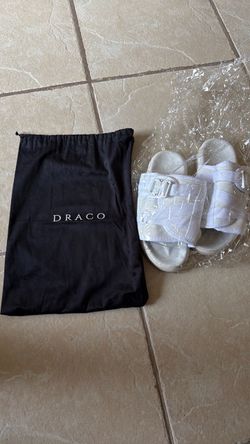 Draco slides sealed (snow white size 7-8)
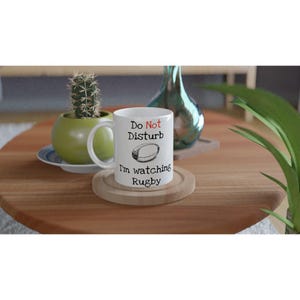 Não perturbe, estou assistindo Rugby caneca - 11oz. Fã de Rugby, Caneca de Rugby, Caneca de fã de Rugby, Amante de Rugby, Internacionais de Outono de Rugby, Copa do Mundo de Rugby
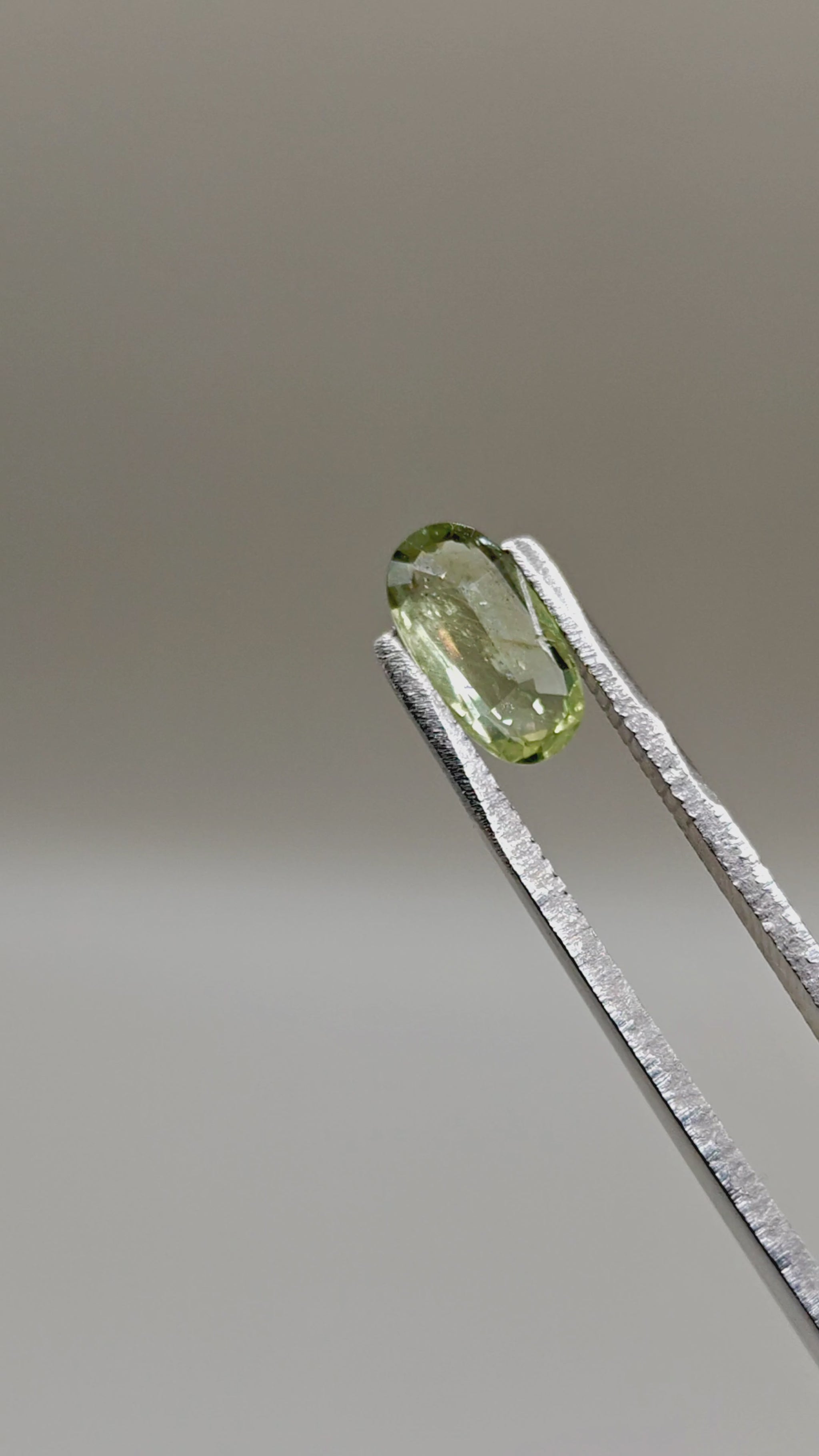 Natural Unheated Sapphire 1.69 ct Oval – video 2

----

> **Task**: Omit pictures; set down the rest of the material word for word.

> **Result for this exercise**:
 Draco slides sealed (snow white size 7-8)
 Não perturbe, estou assistindo Rugby caneca - 11oz. Fã de Rugby, Caneca de Rugby, Caneca de fã de Rugby, Amante de Rugby, Internacionais de Outono de Rugby, Copa do Mundo de Rugby
 Natural Unheated Sapphire 1.69 ct Oval – video 2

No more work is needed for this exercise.